В конце июля 1942 года вооружённые силы Германии продолжали оккупацию Чернянского района. По грейдеру «Чернянка — Острогожск» день и ночь непрерывным потоком двигались танки, машины с пушками и людьми, мотоциклы, конные обозы. В последний день месяца на нашу улицу Выгонок в селе Волотово, под вечер, заехали семь пароконных подвод с немцами. Каждую подводу представляли пара довольно крупных лошадей и два офицера в тёмно-зелёном обмундировании из какой‑то особой воинской части.
Наша улица в те годы представляла одностороннюю застройку хат без каких‑либо ограждений дворов. Проезд осуществлялся по грунтовой дороге, через которую напротив хат открывался с зелёной травой выгон.
Незваные гости распрягли лошадей. Ходки загруженные какой‑то аппаратурой под брезентом, и лошадей с торбами для кормления оставили у хат, а плащ-палатки для ночлега разбили через дорогу, прямо на траве. У нашего двора был колодец с глубиной расположения воды до девяти метров. Немцы были довольны, что она была слишком холодной.

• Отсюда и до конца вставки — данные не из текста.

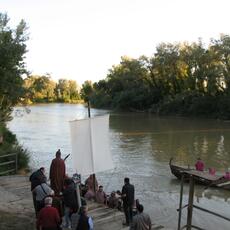 IMG_2780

Утром мы с пацанами собрались у нас за сараем в кукурузной грядке. Как обычно, поиграть в железки. Мне надо было пойти в хату, взять какую‑то игрушку. Я вышел из‑за угла сарая и увидел следующее. Лощёный молодчик поставил на табуретку тазик с холодной водой, разделся до пояса, снял с руки блестящие часы, положил их на кирпичик возле сарая и стал умываться. Он сильно плескался и фыркал. Я увидел часы, схватил их и в кукурузу, положил их на детскую наковальню и, не подумав, с размаху ударил по ним. Часы разлетелись. Мы с ребятами сильно испугались, но я успел им сказать: «Мы ничего не видели, часов не брали». Тут подошла к нам наша мама и взволнованным голосом сообщила, что всех зовёт к себе немец. Она добавила: «Вы ничего не знаете и не брали».
Немец спокойно поставил нас четверых к стенке сарая — Федьку Аханякина, меня, моего меньшего брата Ивана и соседского мальчика Федю Дахина. Стал уговаривать принести часы, указывая на их место на руке. Мама тоже спрашивала, где мы их спрятали, просила вернуть их пану-немцу. Мы же стояли на своём — не брали и не видели.
Тогда немец пошёл к своему тарантасу, достал из сумки маузер и подбежал к нам. Схватил самого рослого Федьку за ухо, заорал что‑то непонятное, тыкая дулом пистолета ему под нос, и так каждого. А когда схватил за ухо меньшего Федю, тот закричал с перепугу и тут же описался…
Мама умоляла: «Пан, пожалуйста, прости их, они же киндеры…». Немец посмотрел на мальчика, заметно успокоился и пошёл к тарантасу. Спрятал своё оружие, достал из сумки в цветных бумажках конфеты и дал каждому из нас по одной. Что это означало, мы так и не узнали. Скоро вояки уехали.